For users, the only difference is that the #[vectorization] attribute is added above func1, indicating that automatic vectorization is enabled on this function. We call two functions separately in the main function and count the time they spend. After compiled and run with the rustc -Copt-level=3 -Zmir-opt-level=4 command in the local x86_64 environment, the results are as follows:

t1: 327
t2: 6519
ans1: 2201600
ans2: 2201600

We can see that the first function is almost 20 times faster than the second function.

2.1.2 More practical example: calculating the variance of an array

Calculating variance is a very commonly used function in the field of statistics. The test code is here.

We can see the following two functions:

#[vectorization]
fn var1(arr: &[f32]) -> f32 {
    let mut sq_sum = 0.;
    let mut sum = 0.;
    let len = arr.len() as f32;
    for i in arr {
        sum += i;
        sq_sum += i * i;
    }
    let ave = sum / len;
    (sq_sum /  len - ave * ave).sqrt()
}

fn var2(arr: &[f32]) -> f32 {
    let mut sq_sum = 0.;
    let mut sum = 0.;
    let len = arr.len() as f32;
    for i in arr {
        sum += i;
        sq_sum += i * i;
    }
    let ave = sum / len;
    (sq_sum /  len - ave * ave).sqrt()
}

The difference between the two functions is still only whether to add the #[vectorization] attribute. After using the same compilation command and environment as before, the effect of running is as follows:

t1: 7
t2: 67
ans1: 28.667055
ans2: 28.649292

We can see that the first function is about 10 times faster than the second one. The result of the calculation is somewhat different, because the calling SIMD instruction results in a different order of floating-point operations, resulting in different rounding errors. There is currently no good solution to this problem.

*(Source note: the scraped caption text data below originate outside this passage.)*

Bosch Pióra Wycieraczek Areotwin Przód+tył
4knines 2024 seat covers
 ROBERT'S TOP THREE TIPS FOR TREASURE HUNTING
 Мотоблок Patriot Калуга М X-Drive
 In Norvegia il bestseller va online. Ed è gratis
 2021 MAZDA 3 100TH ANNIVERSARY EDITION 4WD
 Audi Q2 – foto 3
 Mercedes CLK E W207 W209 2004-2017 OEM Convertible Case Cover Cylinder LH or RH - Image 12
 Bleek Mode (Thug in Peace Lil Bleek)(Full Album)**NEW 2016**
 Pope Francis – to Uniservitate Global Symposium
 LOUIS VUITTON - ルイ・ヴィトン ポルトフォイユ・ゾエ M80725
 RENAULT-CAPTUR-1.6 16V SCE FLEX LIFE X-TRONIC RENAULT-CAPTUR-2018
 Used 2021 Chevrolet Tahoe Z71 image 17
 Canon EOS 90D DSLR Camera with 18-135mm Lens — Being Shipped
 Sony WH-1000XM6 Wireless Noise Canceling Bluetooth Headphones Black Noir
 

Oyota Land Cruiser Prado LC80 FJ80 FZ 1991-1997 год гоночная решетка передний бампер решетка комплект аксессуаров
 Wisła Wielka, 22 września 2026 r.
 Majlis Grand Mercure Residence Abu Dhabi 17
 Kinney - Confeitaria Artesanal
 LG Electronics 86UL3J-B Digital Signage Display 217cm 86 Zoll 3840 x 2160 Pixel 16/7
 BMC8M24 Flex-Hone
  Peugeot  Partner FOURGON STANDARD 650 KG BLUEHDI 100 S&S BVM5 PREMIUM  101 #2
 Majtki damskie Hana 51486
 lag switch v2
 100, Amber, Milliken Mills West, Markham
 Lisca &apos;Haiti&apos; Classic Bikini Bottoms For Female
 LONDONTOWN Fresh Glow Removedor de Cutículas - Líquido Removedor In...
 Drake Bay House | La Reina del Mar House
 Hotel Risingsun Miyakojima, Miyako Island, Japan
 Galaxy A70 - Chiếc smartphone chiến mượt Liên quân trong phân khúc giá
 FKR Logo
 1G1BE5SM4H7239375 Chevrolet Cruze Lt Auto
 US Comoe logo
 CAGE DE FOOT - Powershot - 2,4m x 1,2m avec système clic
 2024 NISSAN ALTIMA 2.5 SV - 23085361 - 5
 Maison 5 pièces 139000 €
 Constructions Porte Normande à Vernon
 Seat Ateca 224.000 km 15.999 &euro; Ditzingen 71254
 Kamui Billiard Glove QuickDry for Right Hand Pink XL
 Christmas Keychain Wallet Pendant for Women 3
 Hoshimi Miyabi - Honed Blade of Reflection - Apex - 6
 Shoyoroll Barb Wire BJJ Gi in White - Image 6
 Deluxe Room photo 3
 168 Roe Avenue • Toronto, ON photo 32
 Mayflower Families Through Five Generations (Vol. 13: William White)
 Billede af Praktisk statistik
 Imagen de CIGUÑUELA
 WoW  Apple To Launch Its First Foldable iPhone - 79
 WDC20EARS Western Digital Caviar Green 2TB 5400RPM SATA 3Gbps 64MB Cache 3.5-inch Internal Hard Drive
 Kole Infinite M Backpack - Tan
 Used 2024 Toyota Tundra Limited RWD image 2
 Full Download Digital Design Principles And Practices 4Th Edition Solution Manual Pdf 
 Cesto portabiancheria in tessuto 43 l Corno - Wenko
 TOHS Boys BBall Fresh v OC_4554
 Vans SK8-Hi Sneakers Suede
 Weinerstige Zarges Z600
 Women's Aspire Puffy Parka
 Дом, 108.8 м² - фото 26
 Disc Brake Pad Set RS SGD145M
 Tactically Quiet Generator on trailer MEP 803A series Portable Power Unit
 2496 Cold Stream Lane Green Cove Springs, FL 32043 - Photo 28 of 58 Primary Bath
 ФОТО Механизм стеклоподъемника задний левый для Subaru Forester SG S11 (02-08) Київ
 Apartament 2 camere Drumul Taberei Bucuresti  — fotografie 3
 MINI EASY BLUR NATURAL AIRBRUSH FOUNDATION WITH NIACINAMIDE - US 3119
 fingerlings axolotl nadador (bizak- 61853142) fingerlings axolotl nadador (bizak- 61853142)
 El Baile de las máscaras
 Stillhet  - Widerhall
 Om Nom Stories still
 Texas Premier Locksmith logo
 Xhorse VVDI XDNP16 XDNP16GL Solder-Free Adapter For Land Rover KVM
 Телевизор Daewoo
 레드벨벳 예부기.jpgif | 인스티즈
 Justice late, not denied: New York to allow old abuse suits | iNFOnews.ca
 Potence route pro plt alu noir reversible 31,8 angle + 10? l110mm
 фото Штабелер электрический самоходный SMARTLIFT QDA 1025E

2.1.3 More complex example

We can look at this more complex example below. The test code is here.

#[vectorization]
fn func1(src: &[f32], src2: &[f32], val: &mut [f32]) {
    let mut sum = 0.;
    for x in 0..src.len() {
        let v = src[x];
        sum += v * v;
        val[x] = src2[x] + sum;
    }
}

In this example, the value of the variable sum will be changed in each thorn loop based on the value in the previous loop, which can have a significant impact on the effect of auto-vectorization. We can check the result of running:

t1: 6984
t2: 7952

The optimization effect is not very significant, but there is still more than 13% efficiency improvement.

2.2 Implementation of Auto-vectorization

About 90% of the code changes are in the addition of a MIR optimization pass called Vectorize. It automatically analyze and re-factor the loop part in mir, and to obtain SIMD acceleration in as many scenarios as possible while ensuring safety and program functionality.

The remaining about 10% of the code are necessary changes to other parts of rustc. For example, add VectorFunc to the Terminator enumeration type of mir. This part of the code can be a temporary solution, or there may be a better implementation.

2.2.1 The main process of mir optimization pass

Vectorizepass will parse the loop structure in mir blocks, divide it into three parts before looploop partafter loop, re-factor the loop part. The three parts are then rejoined into the final mir.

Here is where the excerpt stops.